老父とハゼ釣りに行った際の、帰りのことである。
「トイレに行ってくる」と言って出た老父を、車内で待っていた。少々遅めだったが、帰ってきた。しかし何故か元気がない。
「・・・まいった」と言っている。そして右手を見せる。良くわからない。
「俺に糸がついてるだろ」という。目をこらすと確かに釣り糸が出ている。テナガエビ仕掛けなのでハリスが細くて良くわからないのである。
そして苦悶の表情で「刺さって、取れないんだよ」と。良く見ると指に針が刺さっている。ハリスはそこから繋がっているのであった。
聞くと、ハゼ釣りの際に使ったテナガエビ仕掛けの予備ハリスを不用意にポケットにしまい、トイレの際にハンカチを出そうと手を入れた瞬間に刺さってしまったようなのだ。
その際にグイっと入れてしまった模様で、針の「カエシ」が肉に潜り込んでしまい、抜けなくなっているのである。
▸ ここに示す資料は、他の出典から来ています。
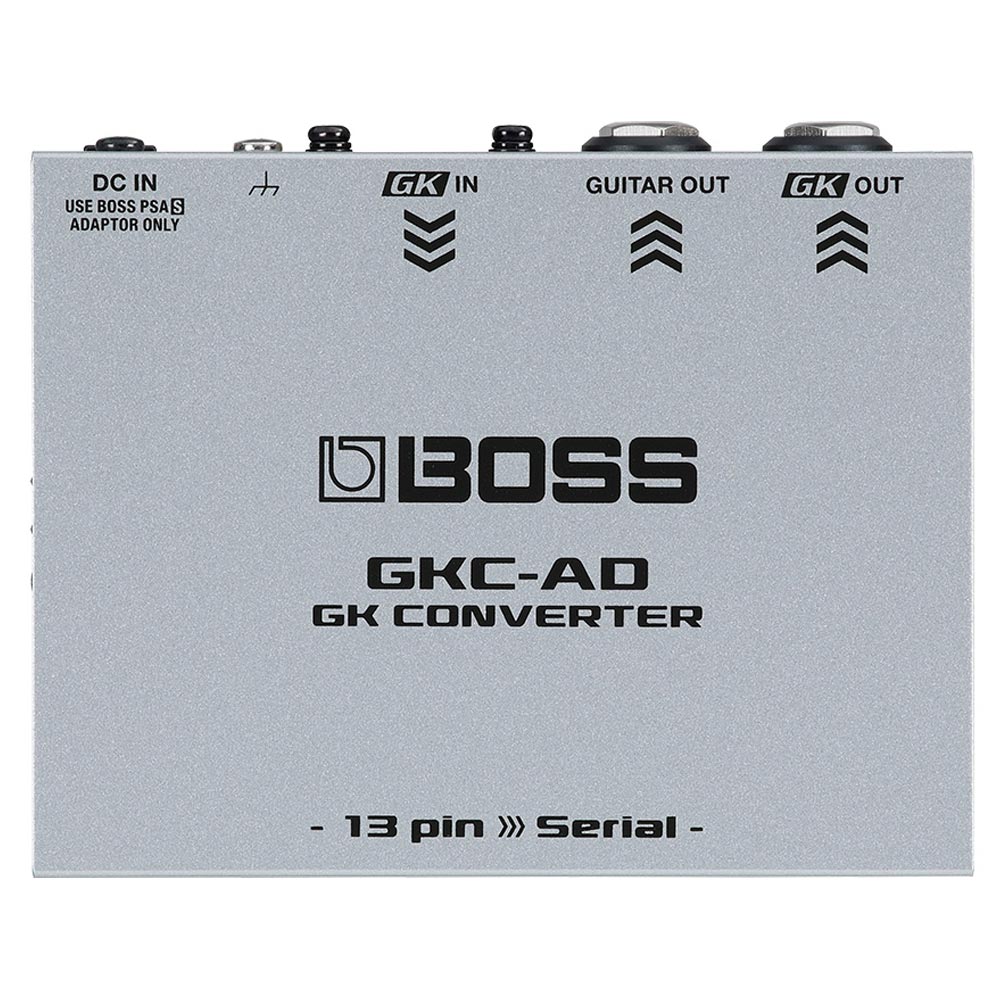 Boss GKC-AD GK Guitar Synth Converter Front ; Boss GKC-AD GK Guitar Synth Converter Angle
テナガエビ用の極細針でありながら、なかなかどうしてすごく、押しても引いてもびくともしないのである。
そして動かすたびに本人が激痛が走るらしく、脂汗をかいて唸っているのである。笑ってしまいそうだが、確かに恐ろしい悲劇である。
苦闘すること10分。埒が明かないと見たのか、老父が覚悟を決めた表情で「おい、自分でやったら痛みで力が緩むから、お前一気に抜いてくれよ」と言うのである。とはいえ、こちらも魚の口から針を抜くのではなく、肉親の肉を引きちぎるわけにもいかず、少々戸惑う。ただ、そこそこ覚悟がいる。
一応頑張ってみたが、やはり目の前で歯を食いしばっている親の顔を見ると非常になりきれない自分がいたのである。また、テナガエビ針も極小なので力が入りにくく、間違って針を折ってしまったらと躊躇する心理もあったのだ。
この場合の対処方法は釣り人として実は知っていた。
それは、”あえて逆方向に針を動かし、針の先端を外へ貫通させる。そして先端のカエシをペンチで潰す”というバイオレンスなものである。だが、これも実際やろうとすると難しい。
テナガエビサイズなので、今回はまだあまり深刻ではない(?)が、かつてオカッパリでルアーをやっていた際に、開始早々でメタルジグの針が手の甲に刺さった人を見た時は、それはかわいそうであった。
もはや戦闘不能で、ただただ唸り続けているのである。
そして同行の釣り人は同情するものの自分の釣りを優先させたいので、自己責任なのか刺さった当人のみ放置されている光景。この絶望感。結局戦線離脱して、病院へ行ったはずだ。
今回も同様で、ハリの大きさは相違するものの、痛みで身動き取れない状況なので、やはり大騒ぎである。病院に行くべきか検討を始め、まずは消毒用のマキロンを購入するため薬局へ移動。
そして消毒液で少し元気が出たのか、再度気合いとともに老父が針を弄ると、「取れた」のである。
だが、針が小さすぎて、全部摘出できたのかが確認できていない。最後は家で虫眼鏡で、摘出した針が原型をとどめていることを確認し、無事終了となった。
「ハゼの気持ちがわかったよ・・・」と言うのが老父の感想であった。